*** Opening Data ***

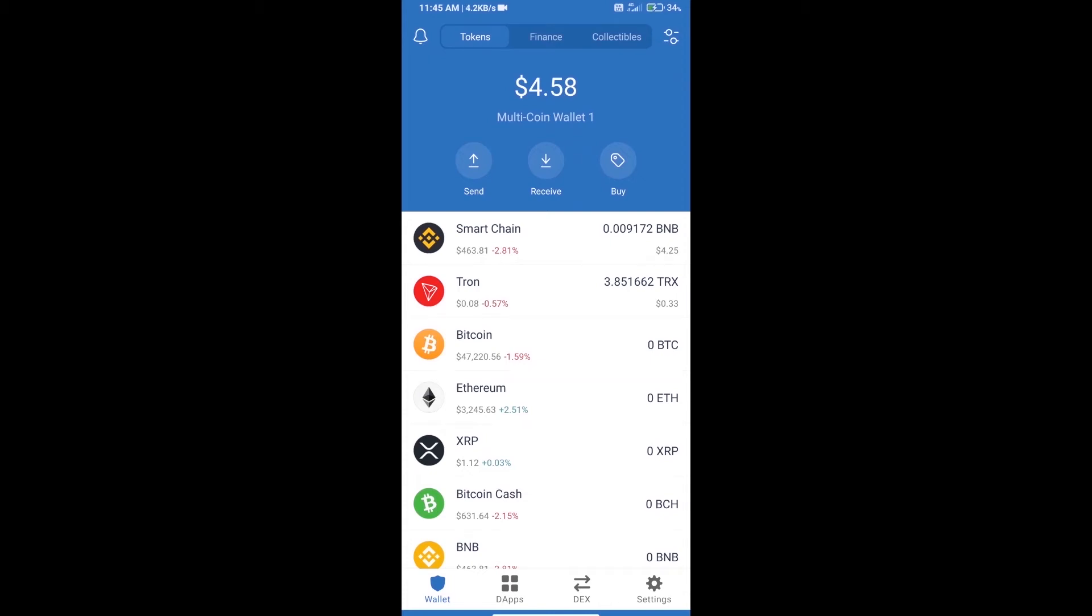Hello guys, today we will tell you how to buy Meta Galaxy Land token on Trust Wallet.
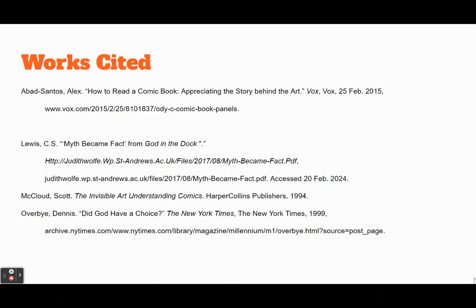Just moving on to works cited: 'How to Read a Comic Book,' C.S. Lewis, Scott McLeod, and 'Did God Have a Choice?' by Dennis Overby. If you have any questions, please ask when you get back to class. Please remember that you have to use quotations from two issues of 'The Many Deaths of Layla Star' and two quotations from works you discuss in your other classes. I hope this gave you some ideas of what to work with as you get ready to write the paper. Hope to see you all in class next period.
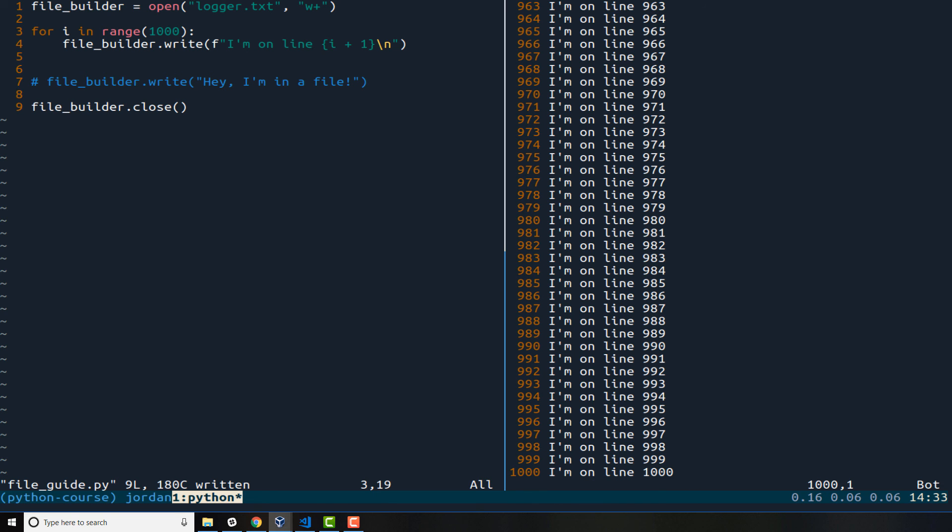And if I go all the way to the bottom you can see it goes all the way down to line number one thousand. So in review, that is the basic introduction for how you can create and then add content to a file in Python.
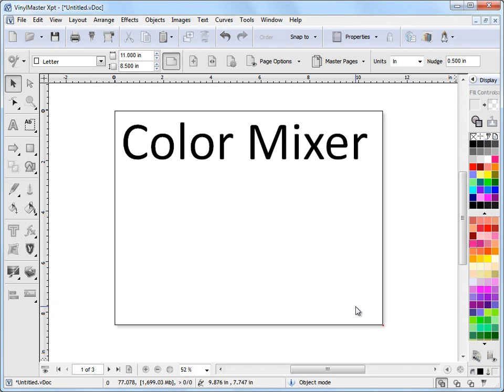In this lesson I'm going to show you how to use the color mixer and how to make up colors to apply to text or other objects.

*** Closing Data ***

Required action:
The answer should hold every line of the listing, copied exactly, with no pictures.

Your solution:
Hello guys, today we will tell you how to buy Meta Galaxy Land token on Trust Wallet.
Just moving on to works cited: 'How to Read a Comic Book,' C.S. Lewis, Scott McLeod, and 'Did God Have a Choice?' by Dennis Overby. If you have any questions, please ask when you get back to class. Please remember that you have to use quotations from two issues of 'The Many Deaths of Layla Star' and two quotations from works you discuss in your other classes. I hope this gave you some ideas of what to work with as you get ready to write the paper. Hope to see you all in class next period.
And if I go all the way to the bottom you can see it goes all the way down to line number one thousand. So in review, that is the basic introduction for how you can create and then add content to a file in Python.
In this lesson I'm going to show you how to use the color mixer and how to make up colors to apply to text or other objects.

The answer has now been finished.